Material shown Block Start

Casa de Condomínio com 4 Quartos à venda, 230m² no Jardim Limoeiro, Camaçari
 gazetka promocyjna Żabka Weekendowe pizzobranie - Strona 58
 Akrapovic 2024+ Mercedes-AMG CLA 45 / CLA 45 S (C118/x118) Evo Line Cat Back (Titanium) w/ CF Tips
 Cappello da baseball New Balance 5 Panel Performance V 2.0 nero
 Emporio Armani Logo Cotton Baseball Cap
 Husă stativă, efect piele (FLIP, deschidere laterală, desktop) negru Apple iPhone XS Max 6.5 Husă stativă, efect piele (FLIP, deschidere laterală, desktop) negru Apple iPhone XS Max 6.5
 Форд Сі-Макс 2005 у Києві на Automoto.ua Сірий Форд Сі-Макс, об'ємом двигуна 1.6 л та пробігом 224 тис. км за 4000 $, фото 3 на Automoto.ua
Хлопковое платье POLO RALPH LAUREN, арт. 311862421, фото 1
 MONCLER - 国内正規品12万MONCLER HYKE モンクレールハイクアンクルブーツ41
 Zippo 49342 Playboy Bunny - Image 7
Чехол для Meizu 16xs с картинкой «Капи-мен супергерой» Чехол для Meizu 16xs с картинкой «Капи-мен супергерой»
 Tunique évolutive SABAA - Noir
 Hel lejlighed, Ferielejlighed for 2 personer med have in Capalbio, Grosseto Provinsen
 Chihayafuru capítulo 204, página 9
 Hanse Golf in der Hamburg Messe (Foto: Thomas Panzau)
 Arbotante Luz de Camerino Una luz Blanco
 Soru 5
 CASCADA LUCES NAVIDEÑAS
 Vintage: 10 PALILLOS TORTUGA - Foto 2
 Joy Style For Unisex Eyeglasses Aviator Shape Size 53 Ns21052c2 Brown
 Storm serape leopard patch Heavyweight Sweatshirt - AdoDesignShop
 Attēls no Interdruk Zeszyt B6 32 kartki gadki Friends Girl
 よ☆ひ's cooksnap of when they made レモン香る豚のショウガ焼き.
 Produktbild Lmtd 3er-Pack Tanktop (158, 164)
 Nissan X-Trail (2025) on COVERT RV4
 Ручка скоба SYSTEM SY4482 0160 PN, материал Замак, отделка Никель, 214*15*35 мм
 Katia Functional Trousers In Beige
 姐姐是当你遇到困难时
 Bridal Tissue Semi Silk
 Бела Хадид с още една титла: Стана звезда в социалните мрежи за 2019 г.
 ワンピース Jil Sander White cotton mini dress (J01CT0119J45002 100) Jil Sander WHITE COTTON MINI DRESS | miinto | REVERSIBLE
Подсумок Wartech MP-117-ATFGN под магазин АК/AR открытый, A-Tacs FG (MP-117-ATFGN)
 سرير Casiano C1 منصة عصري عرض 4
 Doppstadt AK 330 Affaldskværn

Material shown Block End

▸ **Your instructions**
Repeat the data in full, exactly as supplied.

▸ **Answer box**
Casa de Condomínio com 4 Quartos à venda, 230m² no Jardim Limoeiro, Camaçari
 gazetka promocyjna Żabka Weekendowe pizzobranie - Strona 58
 Akrapovic 2024+ Mercedes-AMG CLA 45 / CLA 45 S (C118/x118) Evo Line Cat Back (Titanium) w/ CF Tips
 Cappello da baseball New Balance 5 Panel Performance V 2.0 nero
 Emporio Armani Logo Cotton Baseball Cap
 Husă stativă, efect piele (FLIP, deschidere laterală, desktop) negru Apple iPhone XS Max 6.5 Husă stativă, efect piele (FLIP, deschidere laterală, desktop) negru Apple iPhone XS Max 6.5
 Форд Сі-Макс 2005 у Києві на Automoto.ua Сірий Форд Сі-Макс, об'ємом двигуна 1.6 л та пробігом 224 тис. км за 4000 $, фото 3 на Automoto.ua
Хлопковое платье POLO RALPH LAUREN, арт. 311862421, фото 1
 MONCLER - 国内正規品12万MONCLER HYKE モンクレールハイクアンクルブーツ41
 Zippo 49342 Playboy Bunny - Image 7
Чехол для Meizu 16xs с картинкой «Капи-мен супергерой» Чехол для Meizu 16xs с картинкой «Капи-мен супергерой»
 Tunique évolutive SABAA - Noir
 Hel lejlighed, Ferielejlighed for 2 personer med have in Capalbio, Grosseto Provinsen
 Chihayafuru capítulo 204, página 9
 Hanse Golf in der Hamburg Messe (Foto: Thomas Panzau)
 Arbotante Luz de Camerino Una luz Blanco
 Soru 5
 CASCADA LUCES NAVIDEÑAS
 Vintage: 10 PALILLOS TORTUGA - Foto 2
 Joy Style For Unisex Eyeglasses Aviator Shape Size 53 Ns21052c2 Brown
 Storm serape leopard patch Heavyweight Sweatshirt - AdoDesignShop
 Attēls no Interdruk Zeszyt B6 32 kartki gadki Friends Girl
 よ☆ひ's cooksnap of when they made レモン香る豚のショウガ焼き.
 Produktbild Lmtd 3er-Pack Tanktop (158, 164)
 Nissan X-Trail (2025) on COVERT RV4
 Ручка скоба SYSTEM SY4482 0160 PN, материал Замак, отделка Никель, 214*15*35 мм
 Katia Functional Trousers In Beige
 姐姐是当你遇到困难时
 Bridal Tissue Semi Silk
 Бела Хадид с още една титла: Стана звезда в социалните мрежи за 2019 г.
 ワンピース Jil Sander White cotton mini dress (J01CT0119J45002 100) Jil Sander WHITE COTTON MINI DRESS | miinto | REVERSIBLE
Подсумок Wartech MP-117-ATFGN под магазин АК/AR открытый, A-Tacs FG (MP-117-ATFGN)
 سرير Casiano C1 منصة عصري عرض 4
 Doppstadt AK 330 Affaldskværn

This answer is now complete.